Suspecting that Ophelia, too, like Rosencrantz and Guildenstern, is there to spy on him and report to the king, Hamlet puts most efforts in his conversations with her, because despite of his sharp, arrow-pointed words that stab her right in the heart, beneath Hamlet’s disgusted exterior burns a fire of love, as evident when he breaks down during her funeral, stricken with grief and professes his undying love for her, which now, he must not let overpower him, for that would ruin everything, and undo the oath he gave to his murdered father. She would be a distraction and he must not permit himself the privilege of one. Thus, his words slowly transgress mere coldness and enter into the realm of cruelty, which will finally result in Ophelia’s suicide and her realization that “a noble mind is here o’erthrown” (Shakespeare, 1998, III.i.150).
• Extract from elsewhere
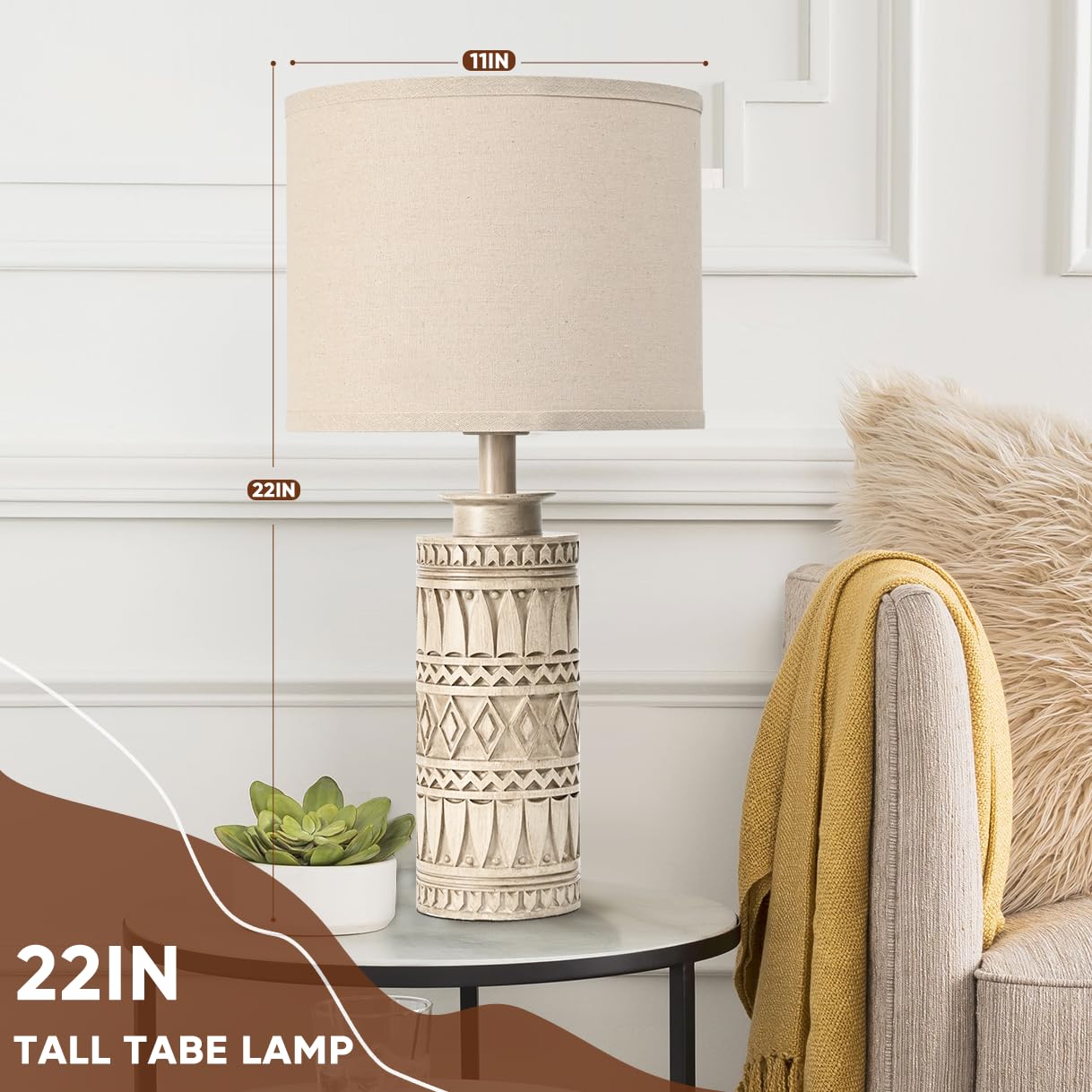 22In Table Lamps For Living Room Resin Nightstand Lamps Set Of 2 Tall End Table Lamp Farmhouse Bedroom Bedside Lamps For Nightst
Consequently, what many people refer to as Hamlet’s inability to act is actually his long pondering on the right manner of action to be undertaken, because revenge is not a thing to be taken lightly. As the old saying goes, revenge is a dish best served cold, and Hamlet concocts a complex plan as to how he will reach the object of his murderous desire, the current king Claudius. His plan is not put into immediate action, as Hamlet himself knows that it is highly unlikely his madness will appear plausible if it happens in a matter of days, so between the first two acts, a substantial amount of time passes, as Polonius’ conversation with one of his servant about Laertes’ stay abroad proves. Thus, Hamlet has enough time to mature his idea into a plan, and eventually, when the time is right, take appropriate action, only when his madness will appear most believable by everyone around him.
Shakespeare, W. (1998). Hamlet. New York: Signet Classics.